Three Korean-Americans are imprisoned in the North. Tony Kim, also known as Kim Sang-duk, and Kim Hak-song were arrested in 2017 on charges of “hostile acts.”
Kim Dong-chul, a minister, was detained in 2015 on charges of espionage and attempts to subvert the state. Another associate of Moon has publicly promoted the idea of using the release of Americans to smooth the way for U.S.-North talks.
During lectures at SOAS University of London and University of Bath’s London campus on Jan. 30 and 31, Moon Chung-in, special adviser to President Moon for foreign affairs and national security, had said U.S. Vice President Mike Pence could talk to representatives of the North on the sidelines of the opening ceremony of the PyeongChang Winter Olympics if Pyongyang made the gesture of releasing the detainees.
During North Korea’s high-level delegation’s visit to the South this month, Moon urged Pyongyang to talk to Washington.
“During his meetings with [North Korean leader Kim Jong-un’s sister] Kim Yo-jong at the Blue House on Feb. 10, Moon mainly explained the importance of North-U.S. talks,” a senior presidential aide said.
“The North’s denuclearization is an issue that the North and the United States eventually have to resolve, and Moon’s urging of bilateral talks between Pyongyang and Washington means denuclearization talks.”
Moon also met Pence in the evening on Feb. 10 and watched a short-track speed skating game sitting beside him.
“Except for a meeting and dinner, it was the only schedule outside the Blue House the United States has asked for during Pence’s visit,” another presidential aide said.

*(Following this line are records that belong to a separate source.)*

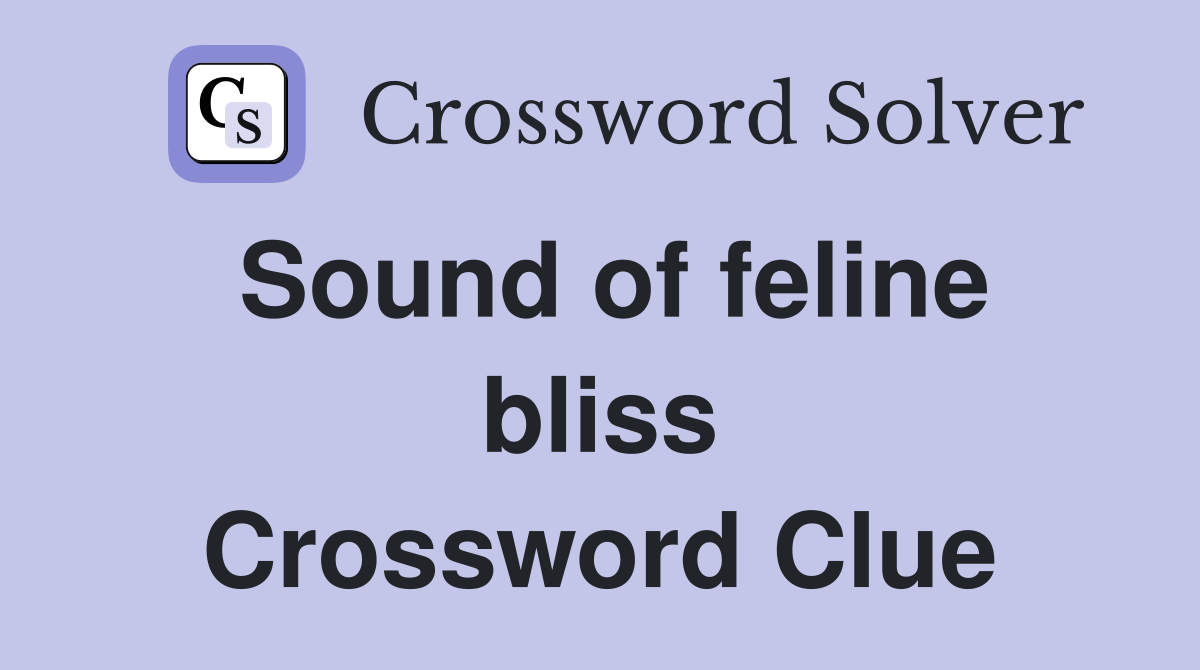 Sound of feline bliss Crossword Clue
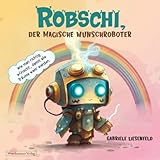 Robschi, der magische Wunschroboter: Wie man richtig wünscht, damit alle Träume wahr...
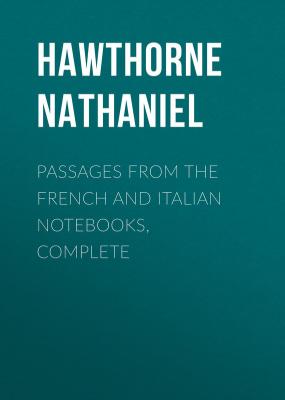 Passages from the French and Italian Notebooks, Complete - Hawthorne Nathaniel 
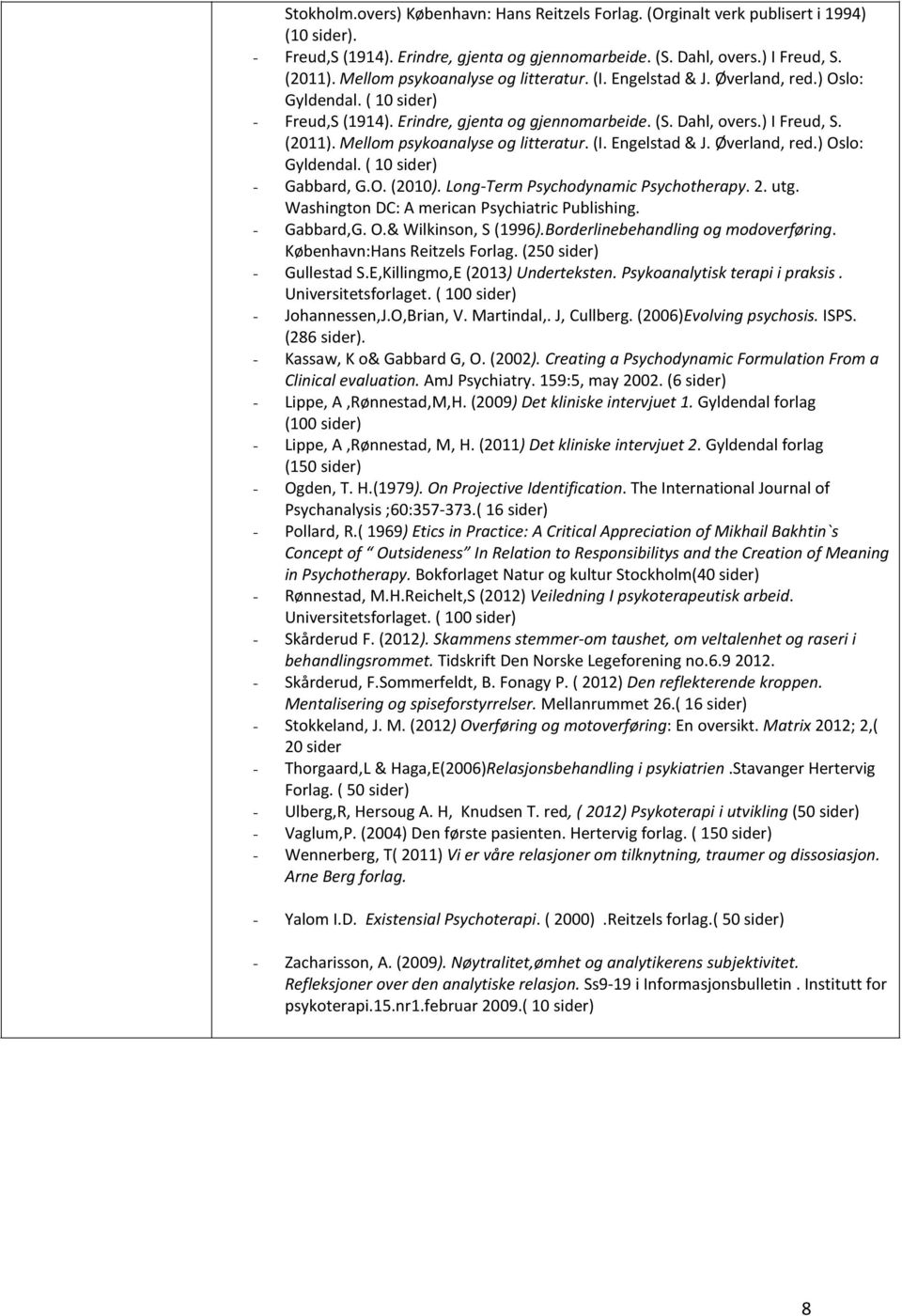 Mellom psykoanalyse og litteratur. (I. Engelstad & J. Øverland, red.) Oslo: Gyldendal. ( 10 sider) - Gabbard, G.O. (2010). Long-Term Psychodynamic Psychotherapy. 2. utg.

“It took place shortly after Moon’s meeting with the North Korean delegation. Moon asked Pence that the United States engage in talks with the North to explore options without a fixed agenda.”
Pence visited South Korea from Feb. 8 to 10 but did not have contact with the North Korean delegation. On his way back to the United States, Pence told the Washington Post that talks with the North were possible.
“The maximum pressure campaign is going to continue and intensify. But if you want to talk, we’ll talk,” he said.
If Pyongyang and Washington make contact to discuss the release of American detainees, it won’t be the first time they use humanitarian issues in order to start a bilateral negotiation.
In 2014, James Clapper, then director of national intelligence, visited the North to negotiate the release of Matthew Miller and Kenneth Bae. The North and the United States also had contacts in Norway to arrange the release of Otto Warmbier, who was arrested in 2016 for theft.
After 17 months of imprisonment, Warmbier was released in a vegetative state. He never regained consciousness and died in June 2017, six days after his return to the United States.
The U.S. vice president’s trip to the PyeongChang Winter Olympic Games also sent a message to the North. Pence invited the father of the late Warmbier to join him on his trip, and they had a meeting with North Korean defectors in Seoul.
The United States did not ask cooperation from the South Korean government to arrange that meeting, indicating that it was a direct message toward the North.
U.S. President Donald Trump also invited Warmbier’s parents to his State of the Union address on Jan. 30.